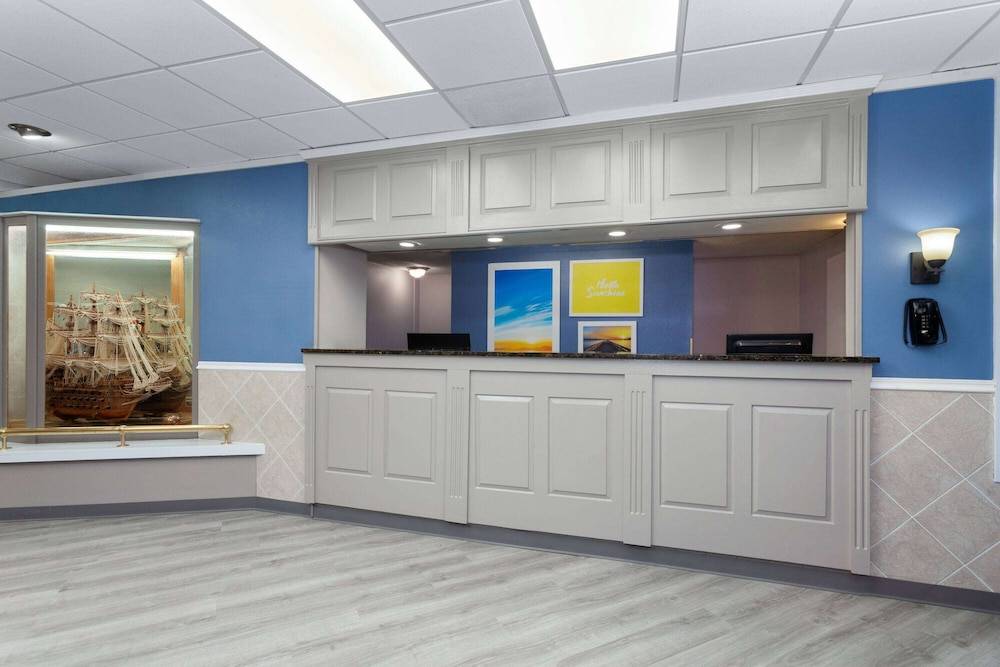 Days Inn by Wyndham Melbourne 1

==

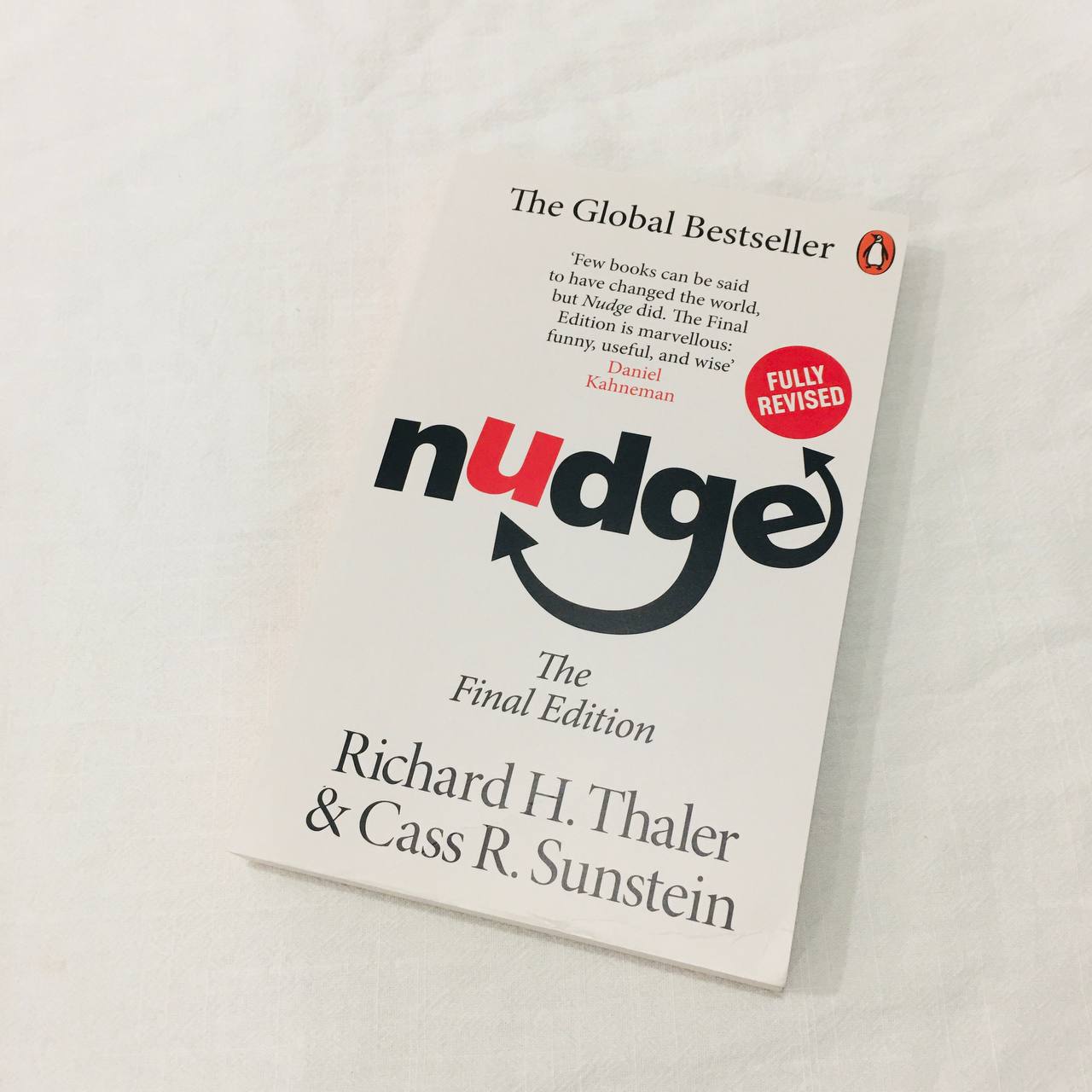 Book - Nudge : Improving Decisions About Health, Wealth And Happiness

...

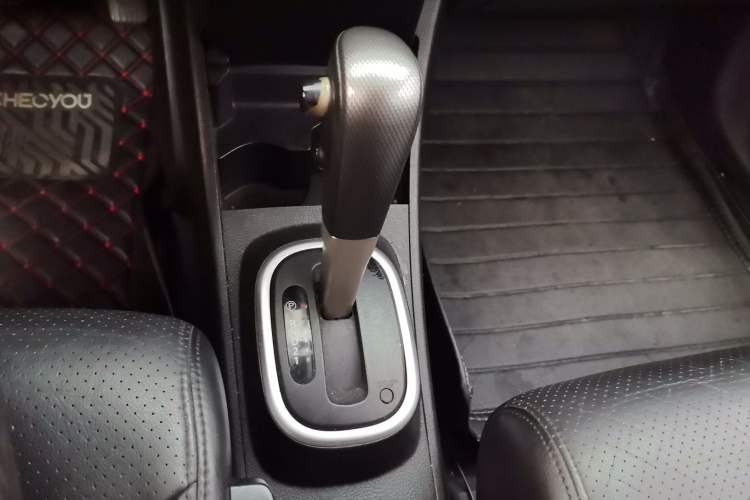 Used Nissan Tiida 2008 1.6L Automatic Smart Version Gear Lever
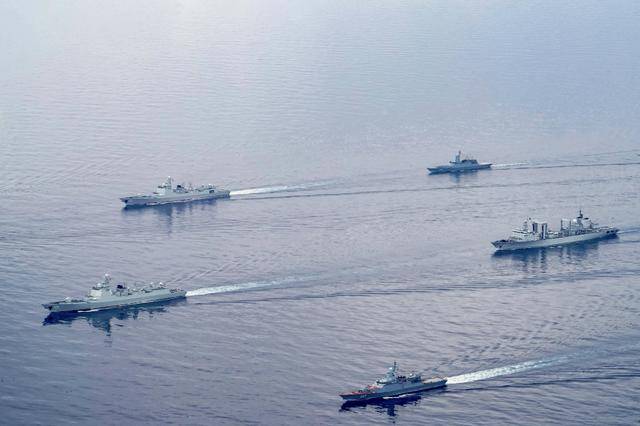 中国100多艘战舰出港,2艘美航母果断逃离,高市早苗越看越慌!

**YOUR ASSIGNMENT:** Above are some entries. Restate word for word the lines from the one holding "Used Nissan Tiida" through the one holding "中国100多艘战舰出港,2艘美航母果断逃离,高市早苗越看越慌!", but not the pictures.

**OUTPUT:**
 Used Nissan Tiida 2008 1.6L Automatic Smart Version Gear Lever
 中国100多艘战舰出港,2艘美航母果断逃离,高市早苗越看越慌!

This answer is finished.